This post is inspired by the #tidytuesday CHAT data set and focuses on the diffusion and adoption rates of media technologies since 1992. Most interesting is probably the current data about internet users, whereas the statistics on radios, television sets, and newspaper circulation are only available up to about the year 2000.
On the technical side, this post shows how to combine information from different data sources in R / RStudio and visualize the results using tidyverse and ggplot2 in particular.
Importing, merging, and reshaping data from three different sources
# install.packages("tidytuesdayR")
library(tidytuesdayR)
library(tidyverse)
library(scales)
library(janitor)
theme_set(theme_light())
# the main data set
tuesdata <- tidytuesdayR::tt_load(2022, week = 29)

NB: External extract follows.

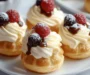 Vanilla Pudding Choux Cups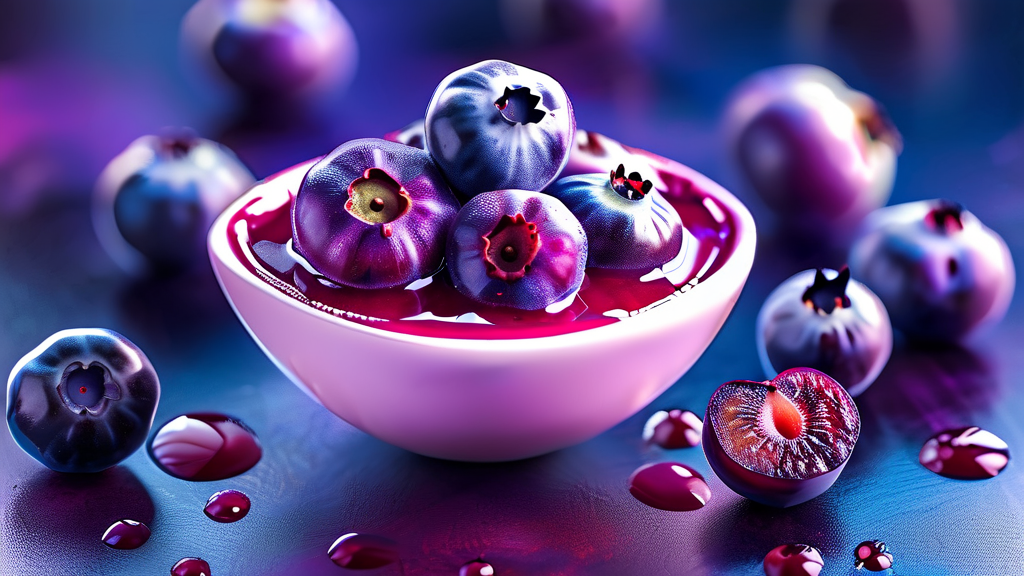블루베리 퓨레: 간편하게 즐기는 안토시아닌의 모든 것 (realistic 스타일)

tech <- tuesdata$technology
tech
rm(tuesdata)
comm <- tech %>% filter(category == "Communications") %>% select(-category,-group)
comm %>% count(variable)
# extract the variable descriptions for plot labeling later
labels <- tech %>% filter(variable %in%
c("internetuser", "radio", "tv", "newspaper", "label")) %>%
select(label) %>% unique()
(labels <- labels$label)
In the communications category of the raw data, there are 12 different media technologies of which we’ll select the four mentioned above. The data has quite an odd format in that it has a generic ‘value’ column paired with the name of the media technologies in the ‘variable’ column in a long format, rather than having separate columns for each technology.
# A tibble: 70,858 x 5
variable label iso3c year value
<chr> <chr> <chr> <dbl> <dbl>
1 cabletv Households that subscribe to cable AFG 1992 0
2 cabletv Households that subscribe to cable AFG 1993 0
3 cabletv Households that subscribe to cable AFG 1994 0
4 cabletv Households that subscribe to cable AGO 1999 6319.
5 cabletv Households that subscribe to cable AGO 2000 11396.
6 cabletv Households that subscribe to cable ALB 1996 0
7 cabletv Households that subscribe to cable ALB 2002 7160.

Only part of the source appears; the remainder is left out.